The first elections, scheduled for April 9, 2007 were postponed because the Elections Board did not receive petitions from students in MCS and CFA. Once these petitions were handed in, the elections were rescheduled for April 24, 2007. However, due technical glitches in the online voting process, the Elections Board thought it was fair to postpone the elections. The third round of elections before the end of the Spring 2007 semester saw a huge turnout of students from the campus community to vote for the student body elections. These election results were inaccessible due to tampering with the decryption key to decode the results from the ballots. 

As a result, then Senate Chair, Joel Bergstein, and GSA President, Elizabeth Ayers, used their constitutional powers to appoint Germaine Williams, a graduate history major, and GSA Vice President of Finance to serve as the interim President of the student body for the summer.

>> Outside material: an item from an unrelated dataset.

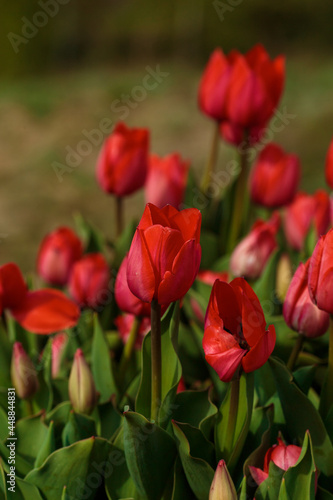 Spring background with red tulips flowers. beautiful blossom tulips field. spring time. banner  copy space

Finally, in September this year, the Elections Board organized a fourth round of elections for the executive branch of the student body. While it seemed like the elections may run smoothly at last, an unanticipated glitch prevented some of the graduate students from taking part in the online voting process. To combat with the problem, the Elections Board extended the deadline for those graduate students who could not vote, and even introduced paper ballots to make sure the elections were fair.  This was not enough compensation for the graduate student community. "Paper balloting worked, students just did not go to vote", said GSA President, Elizabeth Ayers. 

These elections would have declared Sean Weinstock and Adi Jain as the student body President and Vice President respectively, however, GSA failed to ratify the results of the election.

Regarding the lack of a unanimous decision, Ayers said, "It is not the results that are voted on, but the election process itself.  GSA not validating the results was a reflection on the election process and not on the candidates."  

On September 25, when the GSA and Senate finally reached a majority decision to reinstate the predicted winners Sean Weinstock and Adi Jain as SBP and SBVP.

In an interview preceding the elections in the joint session, Joel Bergstein, Student Body Vice President Finance, said, "If Sean and I are elected now, everyone will know that we went through with the whole process till the end and won fair[ly]."

Now that we finally have our executive branch in place it is time to look ahead.

To make sure that elections in the future run smoothly, President Weinstock said, "Adi and I are commissioning a committee to investigate the election rules in place and discuss possibilities for how to improve and/or overhaul those rules. The committee's proposal will be presented to both legislative bodies in Student Government for discussion and potential approval before the next elections cycle hits."

While the term of the candidates will be shorter than usual, the work has already begun. The administration is giving its full support to the student government, so they can see their plans materialize. The CMU5 campaign highlights some of the positive changes that President Weinstock and VP Jain plan to bring to campus. This includes, integrating Greek life into the campus community and carrying forward the work that former President Karl Sjogren and former VP Andrea Hamilton in building institutional memory by increasing the use of the Tartan Wiki, among other things. When asked about the time crunch that the current executive branch now faces, Weinstock said, "The real question at the end of everything should be something like 'Has the action that we've seen this year inspired us, as a student body, enough to believe that we can accomplish change if we really put our minds and hearts into it?'  I think that if the answer to this question is 'Yes', Adi and I have done our jobs."
We wish them a good luck and look forward to the positive changes that this campus is likely to see in the following academic year.